Salomon N. Meisels



The following introduction was written by Salomon N. Meisels' daughter, Yala Korwin, a fine poet, a wonderful artist, and a frequent contributor to THT's pages.

The two following poems, written in Hebrew by my father, Salomon Nachmani Meisels (1887-1942), were found by my surviving sister in Israeli archives.

My father was a multifaceted man. He was an editor of a Hebrew literary magazine, Tnuatenu (Our Movement), a poet, writer, teacher, sage, and lover of music and song. He was a high school teacher of Jewish religion and history, in Lwów, a city in southeastern pre-war Poland. A self-taught polyglot, he spoke Hebrew, Yiddish, German, French, and Russian. He had several books published, mostly treatises on the Bible. I remember the title of one of them: Or Torah  (Light of the Torah). Only two of his books survived in Israeli archives. Likewise, only two poems of his survived At father’s request I produced the drawing for one of the poems, “Cupful of Songs.” The rest of his output, together with his manuscripts, perished in the conflagration of WWII.

He had a good singing voice, and taught himself to play the mandolin. We, my two sisters and I, loved our singing sessions with him. He taught us many songs: Polish, Hebrew, Yiddish, French, and Russian. I vividly remember my father and a visiting tenor from Palestine (Israel was not yet on the map) sitting together in our dining room, as father played his mandolin while translating an aria from Cavaleria Rusticana by Mascagni into Hebrew.

Hitler’s executioners robbed my father of his life. May his memory be blessed.

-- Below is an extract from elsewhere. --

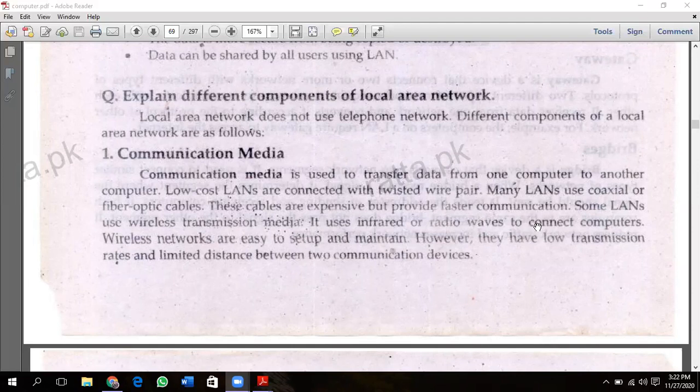LANs also use coaxial cable and fiber optics. Coaxial cable is like the cable used in cable TV. Fiber optic cables allow data to travel as light. These cables are expensive but provide wider, faster communication.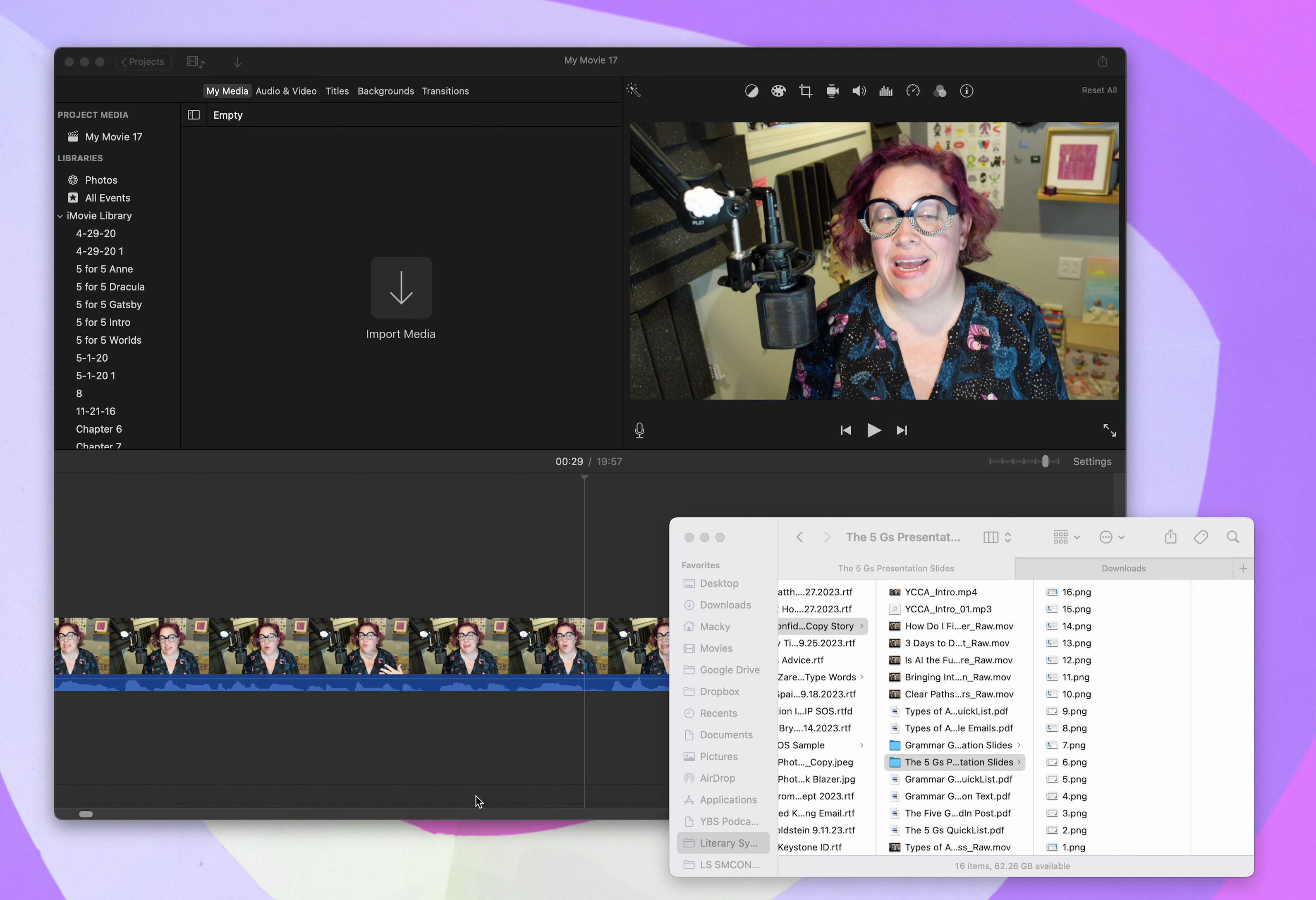Welcome to the video editing tutorial with yours truly, Kristen Spencer, the lead writer and Big Boss Lady at Literary Symmetry.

Salomon N. Meisels and students (above). Both pictures are circa 1930. The vignette illuminating "Cupful of Songs" (below) is a replica of one made by Yala Korwin at her father's request in 1935.


Cupful of Songs

Mine is a cupful of songs;
Sing me a song,
Strike a golden cord
Of the violin.
A frolicking ray bounces light
To a child of dawn.

The dawn dispatches its beams;
Grab them and rhyme,
Drink from a cupful of songs.
Get up, poet, hold on to your loot.
The violin will wake up at night,
The sky will shine, all diamonds.

The day is mine,
So is the night.
All is mine:
A violin of gold,
A marvelous chord,
A cupful of songs.

From Tnuatenu (Our Movement), Nov./Dec. 1935. Translated from the Hebrew by Yala Korwin with the help of her Israeli sister Helene Fuksenbroner.

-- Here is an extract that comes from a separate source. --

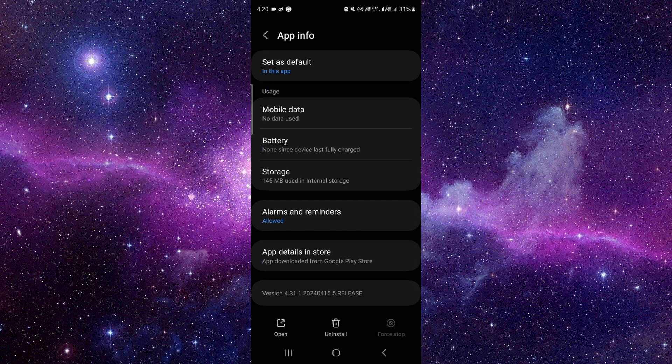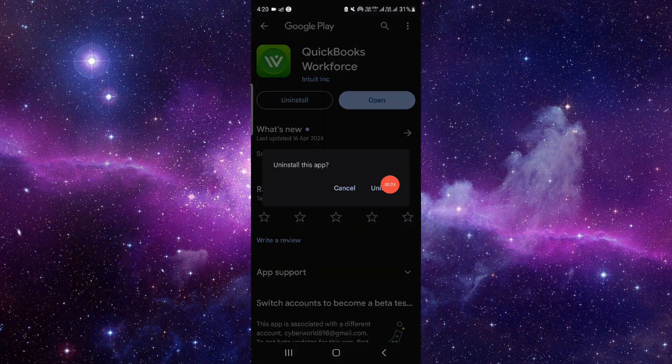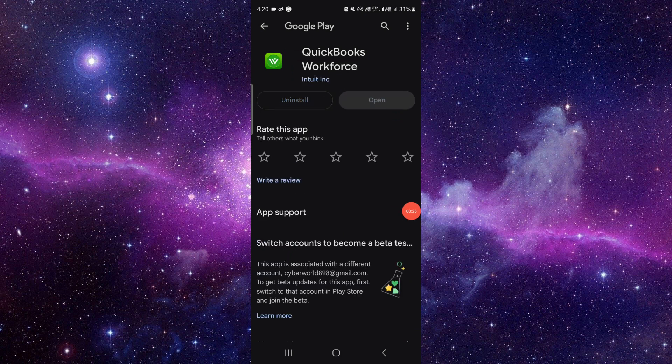Then you have to go to the last second option. From here, you have to click on this uninstall button. Click on uninstall again and wait for a few seconds, and it will be done.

King of the Kings of the Land

King of the kings of the land,
King of wine and of song,
For wine, for a brother I longed,
For a brother who never was.

Come, my brother, let us sit
At the king’s opulent table.
There is wine on the table,
Good wine and good song.

Lavish is the king’s table.
Servants, bring some more wine.
One cup for me, one for my brother,
And only one song for both.

Rich is the king’s table.
Wine is plentiful. Pour some more!
For wine I thirsted and found it;
A brother I wanted, did not come.

From Tnuatenu (Our Movement), date unknown. Translated from the Hebrew by Yala Korwin with the help of her Israeli sister Helene Fuksenbroner.